Very often, what should be the easiest aspect of this writing thing is the most difficult. The moment you tell someone that you write novels they will ask you where you get your ideas. This will 100% happen every single time, and you will have to resign yourself to people demanding to know where you get your ideas as if they suspect there’s an Idea Store somewhere making drone deliveries.

The assumption is that ideas are plentiful and easy. The reality is, we’ve all sat in front of a blinking cursor or blank page and had zero ideas. Zero. It drives some of us to drink.

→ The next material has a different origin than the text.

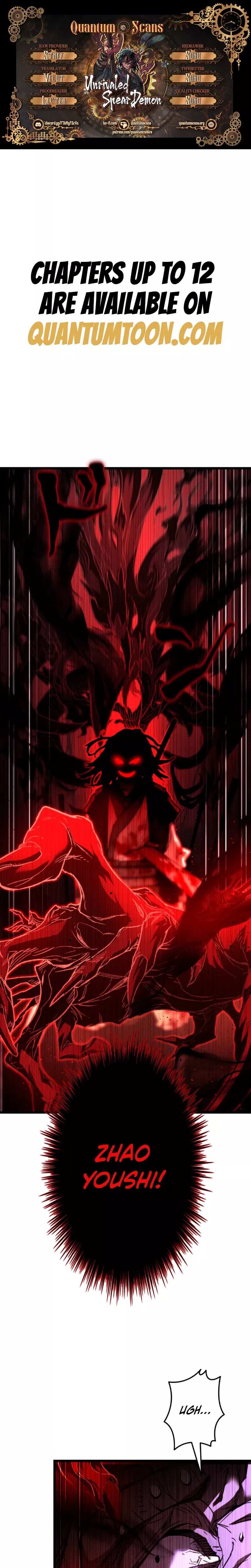 Read Unrivaled Spear Demon Chapter 10 Online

Because the reality is ideas are cheap, and ideas are everywhere, but you have to combine your idea with that mystical energy (for once I’m not referring to whiskey, although it helps) that gets the creative energies focused on that idea. Without that thrilling sense of excitement, even perfectly good story ideas will sit there, inert and mocking.

The good news is, coming up with ideas to write about is easy enough. One of the easiest ways is plenty effective: Just answer a question.

Forty Two

There are two ways to go about this.

The first is to ask a question and then provide the answer. It’s important to note that we’re not looking for actual answers—in other words it’s okay to ask a question that has an answer but to ignore that answer in favor of something more fanciful, impossible, or insane. For example, maybe you wonder why UPS trucks are brown. There’s a real-world answer to that question, but fuck it: Maybe they’re brown because the wormhole technology they use to shift freight around the world reacts badly with other colors.

The second way to approach this is to come up with an answer and then wonder what the question is. If the answer is putting birthday cake into the dryer, figuring out the problem that solves is gonna be fun. It might not lead you to a coherent story, but it’ll get the juices flowing and for the moment that’s all we care about.

Don’t get chained to reality and the actual answers that exist. Plenty of stories have ignored easily observable reality in favor of crazy bullshit. The crazy bullshit is always more entertaining. I should know; at this point the local cops arrest me for public intoxication mainly for the stories I tell to explain my nudity.